Basically it turns out that what they have in mind is quite a collection of attributes that identify that being. And when I say "have in mind", well, yep, it means they can imagine it.

When the claim is that humans can't even imagine something, well, that can't go anywhere, can it? They can't even go "therefore God made it in 7 days" because that's actually something quite imaginable.
 
Inside a company there is trouble among teams, and a project is behind schedule.
Trading option one with money: using money hire extra hands to help bring the project back to track
Trading option two without money: without using money, teams start getting their stuff together and communicate, to help bring the project back to track.

If option one takes less time and effort, it is the preferable choice, if it doesn't it is not, however this needs to be weighted per case to decide.

I'm guessing that you've never managed a large project, let alone been a part of one. When you get behind schedule, more hands aren't going to get you back, it's going to slow you down. It's also an incorrect schedule. Best bet, readjust your expectations. Just because something is behind schedule doesn't mean the teams working on it are having issues.

What's the largest project you've been a meaningful part of? Me? I'm part of the group of people translating the tax processing software into a modern language at the IRS. Billions of dollars, nationwide impact.
https://en.wikipedia.org/wiki/Customer_Account_Data_Engine
 
These anti-money posts are always focused on vague philosophy.

But lets make it real again.
Like I mentioned. I am a teacher.
What I really valued (among many other things) this saturday was a set of 12 toilet rolls.

Explain how, without a medium of trade, I'd get that given that none of my students work in the TP making industry.

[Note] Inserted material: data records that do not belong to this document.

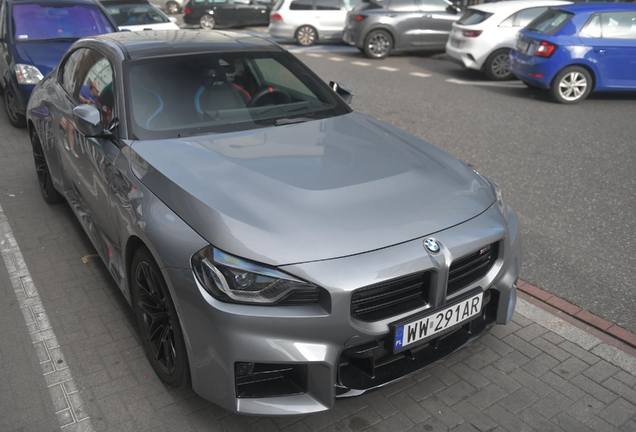 BMW M2 Coupé G87
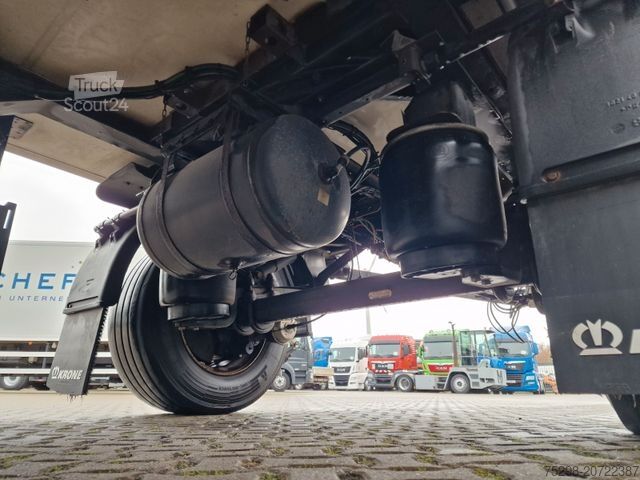 Рефрижераторный прицеп KRONE AZ / Ldbw / Carrier Supra 850MT-X / FRC 04.2018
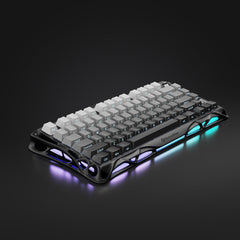 GravaStar Mercury K1 75% Wireless Mechanical Gaming Keyboard - Gradient Black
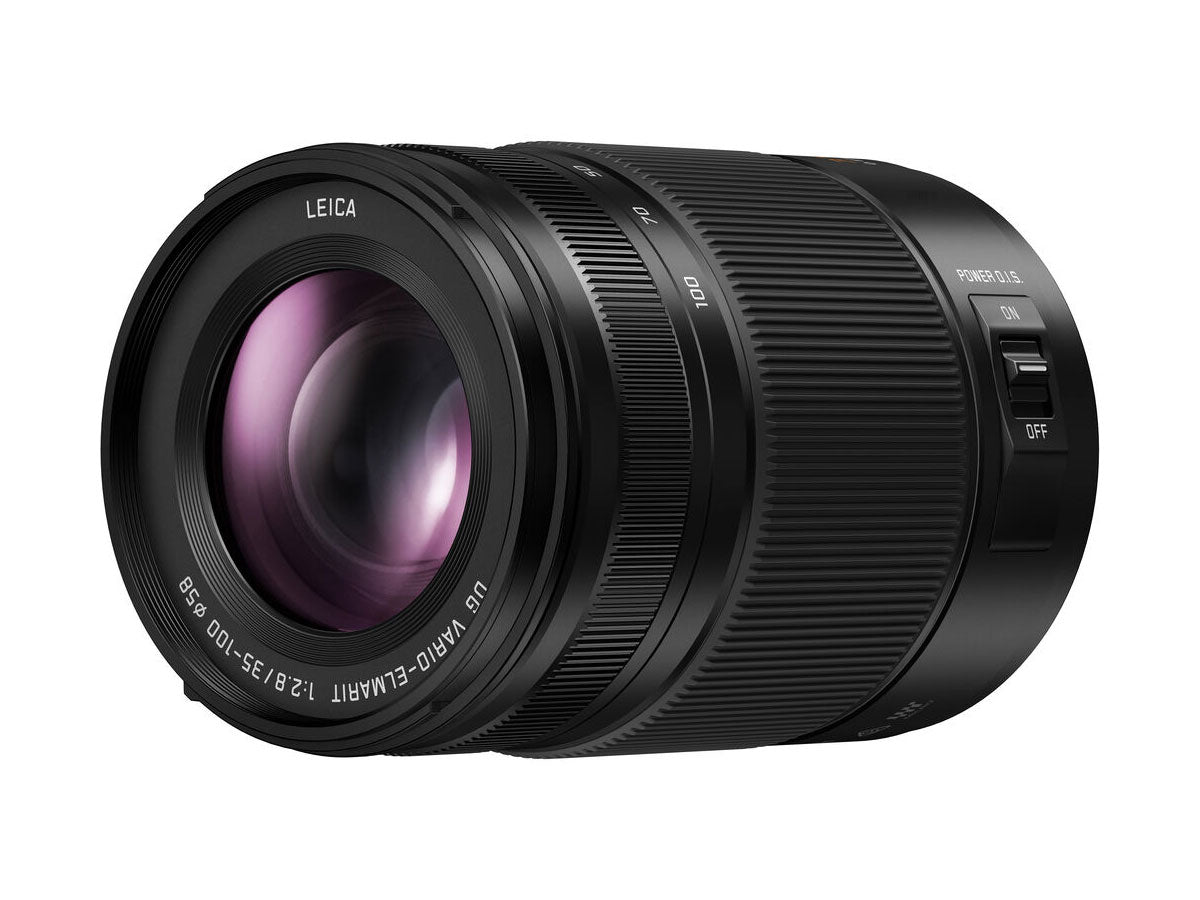 Panasonic Leica 35-100mm F2.8 Lens - MFT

Give them homework over the weekend. The TP might get delivered to you, unrolled, and unbidden.
 
Well, some people find the whole, "money only has value because we agree it has value, but really it's turtles all the way down" thing kind of creepy.

And a lot of those people seem to think crypto solves that problem. I have not yet heard a good reason why.
 
Look this is easy.

First, decide what you want.
Second, identify a supplier.
Third, kill them and take it.
Fourth, encourage like minded individuals to join you.
Fifth, spend the rest of your days in luxury whilst looking over your shoulder and sleeping with one eye open.
 
Give them homework over the weekend. The TP might get delivered to you, unrolled, and unbidden.

Totally off topic, but I really had to use cultural osmosis to get this comment.

Throwing TP at the house of someone you don't like is totally unheard of here, so at first I thought you ment I'd get badly written papers I'd have to use as a substitute. Then I remembered seeing that in a few movies and figured it out.
 
Totally off topic, but I really had to use cultural osmosis to get this comment.

Throwing TP at the house of someone you don't like is totally unheard of here, so at first I thought you ment I'd get badly written papers I'd have to use as a substitute. Then I remembered seeing that in a few movies and figured it out.
I wonder if that's a custom that will die out, now that TP is so valuable. It's always been a sort of tradition on the night before Halloween ( in Vermont and only Vermont this is called "cabbage night" for no apparent reason - a useful shibboleth to remember), but this past Halloween, either nobody was willing to waste it or desperate hoarders were coming out in the wee hours and rolling it back up.
 
And a lot of those people seem to think crypto solves that problem. I have not yet heard a good reason why.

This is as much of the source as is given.